Since the day it had been announced, at the end of 2008, the launch of TRT6, a only-kurdish channel broadcasted by the Turkish state television TRT, had caused all sort of passionate reactions. But strange enough, few of them had been positive ones.
The nationalists, obviously, could not but abhor the idea of a channel broadcasting in a language of which, until a few years ago, they used to deny even the existence. But the harshest critics had indeed sprouted within the Kurdish community itself. As there were only few months left for the important March 2009 local elections, the launch of TRT6 had been interpreted by many as a desparate attempt from Erdogan to win back some shares of votes within the Kurdish electorate. In fact, all the latest polls had been showing the increasing disillusion and detachment of Kurdish electorate from the ruling party AKP (successively confirmed by the actual election results).

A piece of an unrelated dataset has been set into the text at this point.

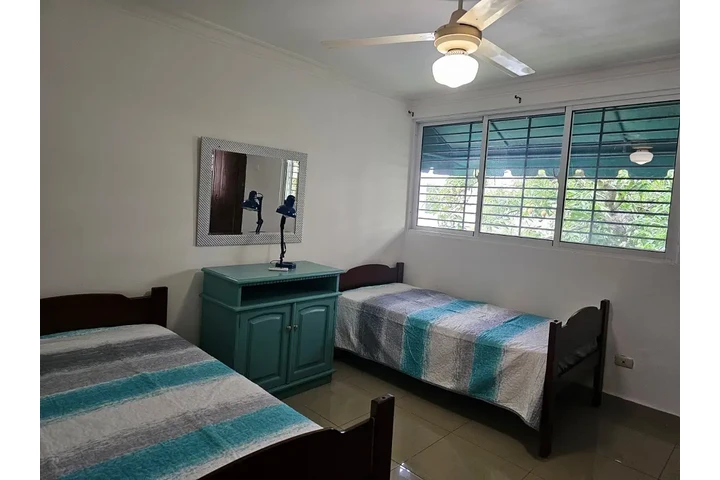 $1200 : Arriendo Apartamento Amueblado image 9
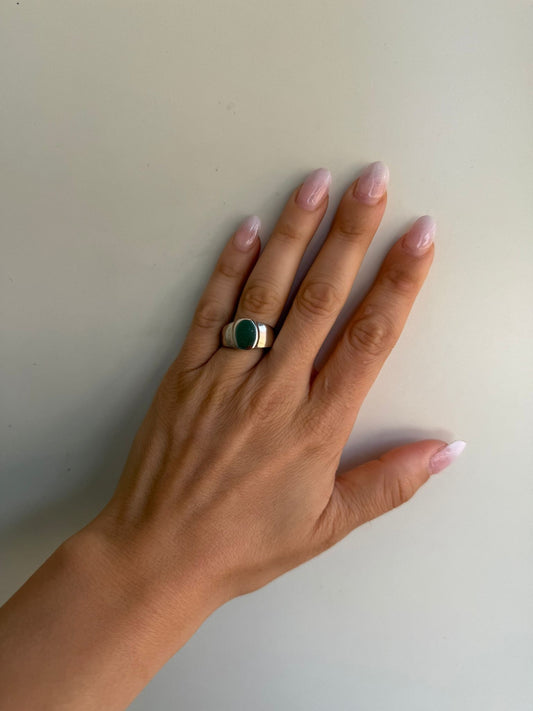 Anello ovale in argento 925 – Design minimalista artigianale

At all levels, critics had come addressing the excessive rapidity in creating the channel, the superficialty of its programs, the lack of competence of its managers and producers. But after a few weeks, the critics had reached a new stage: Ozan Yusuf, a famous Kurdish artist and intellectual, after collaborating with the channel felt the need to publicly ask for pardon to all the Kurds of Turkey. What happened is that he felt ashamed for having given his contribute for a channel that, in his words. “explicitly asked me not to use the words Amed (the Kurdish name of the city of Diyarbakir) and Berfin (a flower), because they are too often used by political organizations. But Amed is the name we use for the city of Diyarbakir, how could I avoid using it?”.
Most of the Kurdish cultural and political organizations were very fast in making clear the contradiction of having a channel in Kurdish language in a country where Kurdish politicians and intellectuals are still being prosecuted for having used Kurdish language in their speeches or in the public administration documents.
Thus a campaign soon started, inviting both the Kurdish audience and the Kurdish intellectuals to boycot the channel by not watching it and not taking part in it.
Last week, after more than 6 months of broadcasting, a report has been published regarding the channel, its audience shares and the critics gathered through interviews with audience samples. The report, prepared by employees of the channel itself, expresses many harsh critics to the channel’s management, to its programs and to the anchormen and women themselves. At some point, it says: “the aims of a channel conceived to fulfill an important political mission, have been made void by the lack of competency of its administration, burocratic obstacles and internal disagreements”.
The report drwas also attention on the fact that, after the first three months of not so bad audience results, given by the evident curiosity of the Kurdish audience, this capital has soon been wasted, and thus since April “the channel seen with the satellite dish”, but whose nane does not appear in the report (that is RojTV, broadcasted from Denmark since 2004), has again imposed itself as the unrivaled channel within the Kurdish community.